Against these interlocutors the present appeal was brought to the House of Lords.

Pleaded by the Appellant.—The custom on which the right in question is founded, is prevalent throughout the island of South Uist, as well as in other parts of Scotland, and the appellant ought to have been allowed a proof of it, and of the other facts which he averred and offered to prove; because, if established, it followed that the servitude in question was constituted by the feu-charter granted by the respondent's grandfather in the year 1758.

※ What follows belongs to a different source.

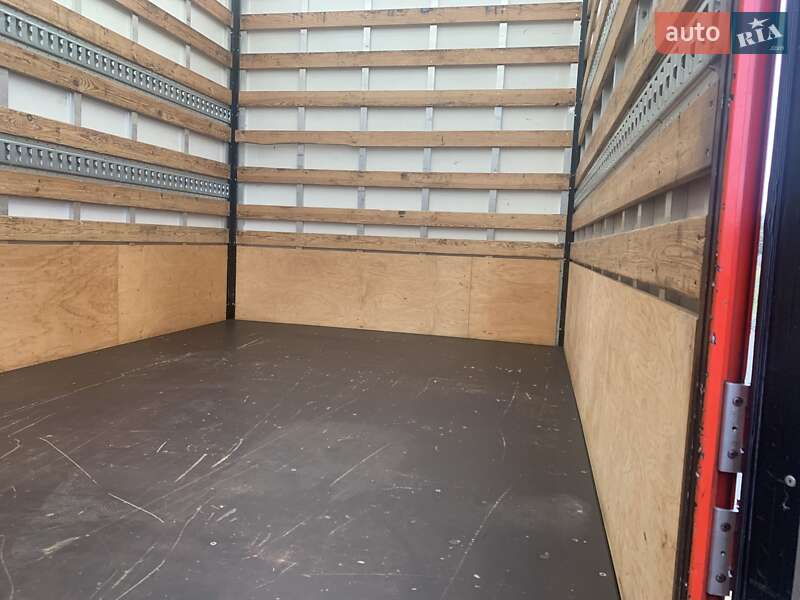 Вантажний фургон Renault Master 2021 в Нововолинську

Pleaded by the Respondents.—Whatever may have been the rights of the appellant's father under the lease of Kilphedar and Boisdale, to take sea-ware from the former, to manure the lands of the latter, yet when this lease terminated by a purchase of Boisdale by the lessee, or whenever the lease of Kilphedar terminated, it did not follow that the same right of collecting sea-ware on the lands of Kilphedar, for the use of the lands of Boisdale, was to be continued. There may have been a usage and practice of so doing under the lease; but such usage could not establish a servitude. The title was precarious, and the possession had was by mere sufferance only. Then, with reference to the right under the feu charter 1758, the appellant's father, and his heirs male, had right to the lands of Boisdale, “with the rock and sea ware cast and growing upon the lands disponed, with liberty of manufacturing the same into kelp.” This title, therefore, only gives right to collect sea-ware on the “ lands disponed,” that is, on Boisdale farm; but it does not convey any right of servitude of collecting sea-ware

Page: 241

on the lands of Kilphedar. And the lease of same date, of the latter farm, corroborates this view, because it gives the lands of Kilphedar with “right to the sea-ware growing upon the shore of the said lands, or thrown in upon the same, with full liberty of manufacturing the same into kelp.” Had any right of servitude of collecting sea-ware on Kilphedar been conveyed in this charter, it would have at once appeared, either from the charter itself, or from the lease of even date with it; but, so far from that being the case, that lease expressly conveys the whole sea-ware of Kilphedar as a part and pertinent of the farm, so that this latter lease supersedes all doubts on the subject. Having, therefore, no right conveyed to him, and the possession had been solely attributable to the lease, no right of servitude can attach. The possession of the lease of Kilphedar was, in the contemplation of law, the possession of the lessor; and the question must be viewed as if the respondent and his predecessors had, in propria persona, enjoyed the whole rights and privileges mentioned in the lease, and particularly the sole privilege of using ware for kelp, manure, or otherwise. If the possession had been upon the charter from the beginning, this, with forty years' possession of collecting sea-ware on another's lands, might have constituted a servitude, but that is not the nature of the appellant's right or title. Here there is no termini habiles for prescription; the only title upon which a claim of property could rest, is the feu-right in 1758; and the present dispute having originated in the year 1791, it is clear that the essential requisite of such a title is awanting, namely, forty years' uninterrupted possession.

After hearing counsel, it was

Ordered and adjudged that the interlocutors be, and the same are hereby affirmed.

Counsel: For Appellant, J. Mitford, James Mackintosh.
For Respondents, R. Dundas, W. Grant, W. Adam.

Note—Unreported in the Court of Session.